= Marko Lopušina =

Serbian journalist and publicist (born 1951)

Marko Lopušina (Марко Лопушина) (born 1951) is a Serbian journalist and publicist, known for writing a number of books on the Serbian diaspora, and also on secret services and their role in contemporary Serbian politics.

==Biography==
Lopušina was born in Raška, Yugoslavia, present day Serbia. He finished primary school and secondary school in Brus and completed his undergraduate degree at the Faculty of Politics in the University of Belgrade.

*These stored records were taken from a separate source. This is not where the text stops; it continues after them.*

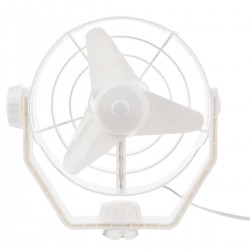 Ventilateur turbo 12V blanc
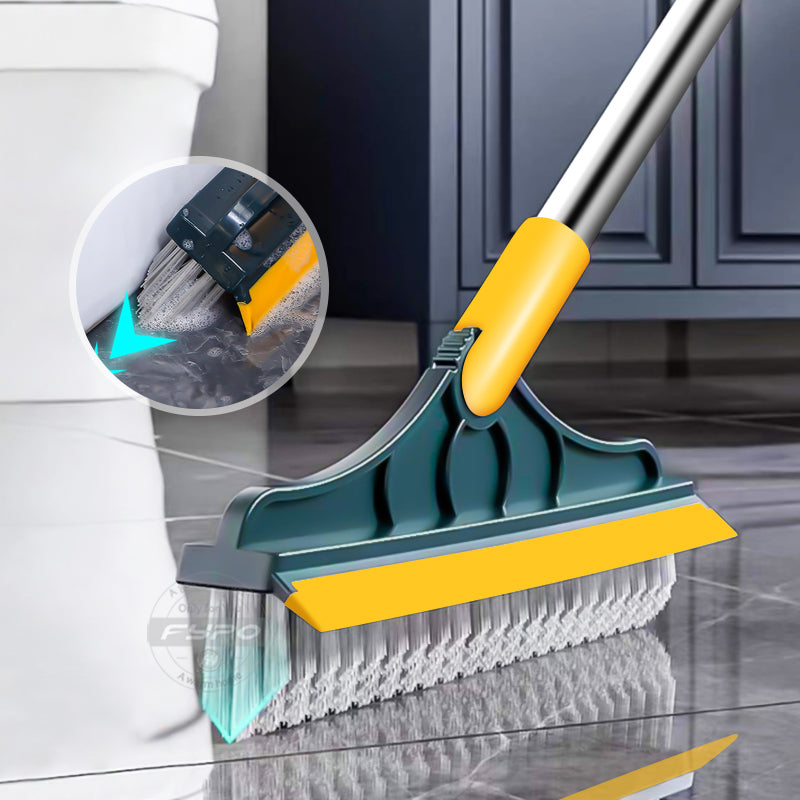 2 In 1 Floor Scrub Cleaning Brush With Removable Long Handle. - UMart786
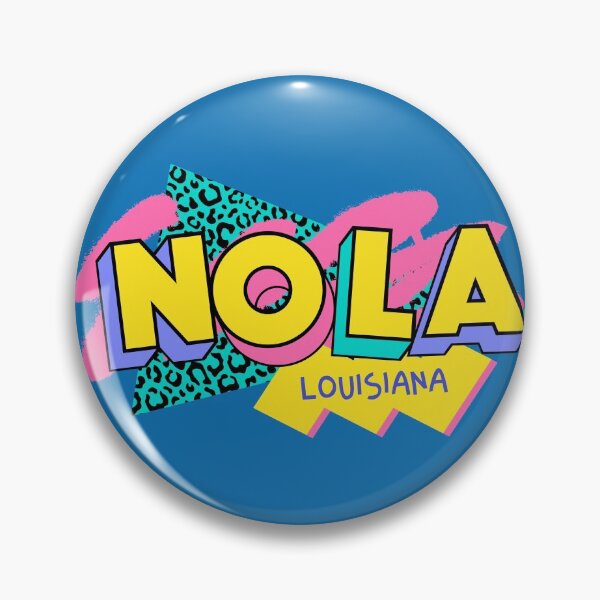 Item preview, NOLA New Orleans, Louisiana Retro 90s Logo designed and sold by SLAG-Creative.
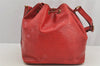 Authentic Louis Vuitton Epi Petit Noe Shoulder Drawstring Bag M44107 Red 5453I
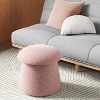 Mushroom Storage Ottoman Pink - Room Essentials™ - 2 of 4
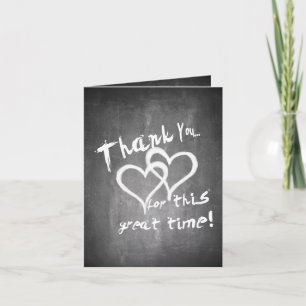 Cartão Obrigados para este excelente em um conselho de gi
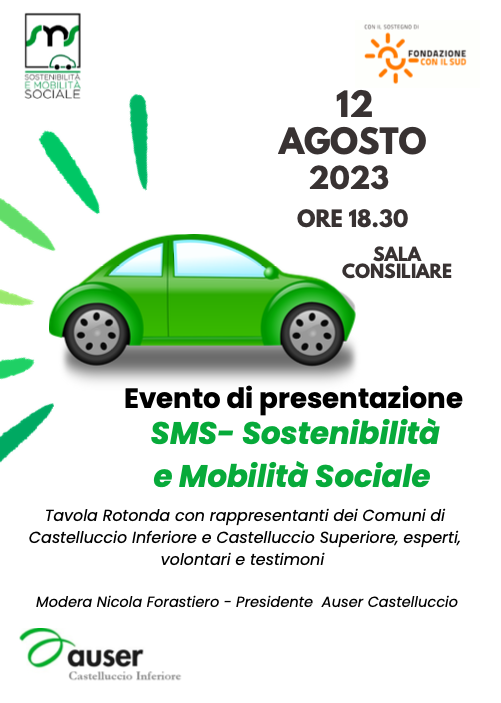 InfCastellucci1's tweet photo. Sabato 12 agosto, alle ore 18.30, si terrà l’evento di presentazione di “SMS - Sostenibilità e Mobilità Sociale”.
https://t.co/tbg9bcdZhQ https://t.co/mFTpDvFhce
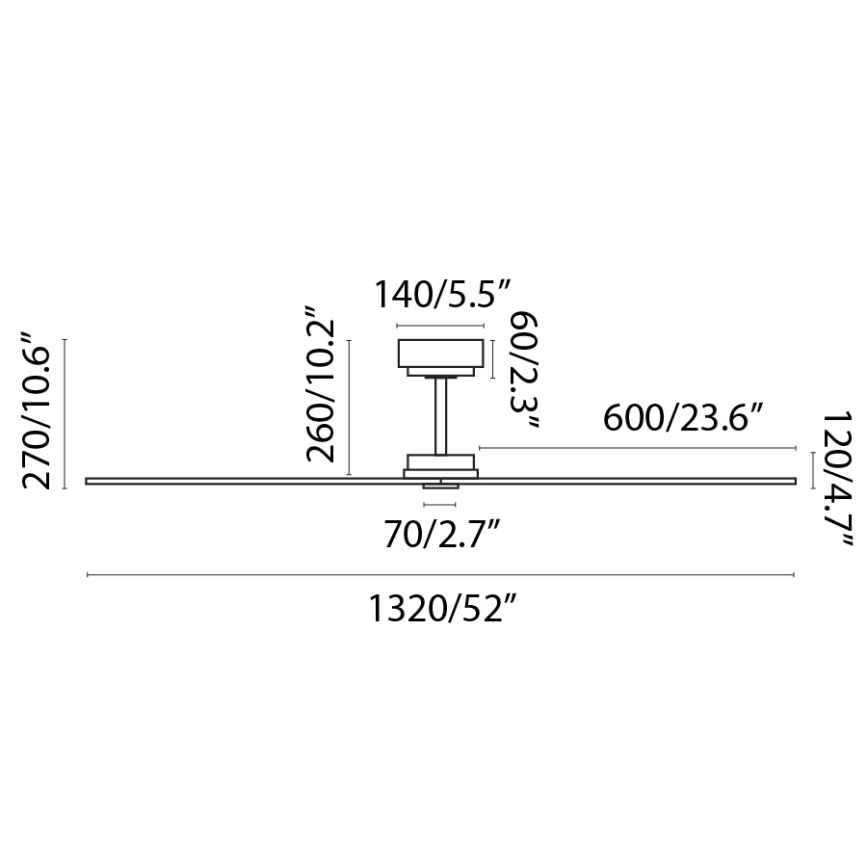 FARO 34100 - Ανεμιστήρας οροφής MILOS μαύρο + τηλεχειριστήριο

He worked for the newspaper Sekundarne sirovine as a journalist and editor in 1976, for the paper Zdravo as a journalist in 1978, for the magazine Interview since 1981 as a journalist and editor, and since 1997 as the editor-in-chief. Then he became the editor of the magazine Profile. He was the Belgrade reporter of the newspaper Nedeljni telegraf until 2008.

He has been a contributor to many newspapers, including Politika, Ilustrovana Politika, Revija 92, TV Novosti, Dnevnik, Jedinstvo, TV Politika, Arena, Start, Penthouse from Belgrade, Novi Sad, Pristina and Zagreb.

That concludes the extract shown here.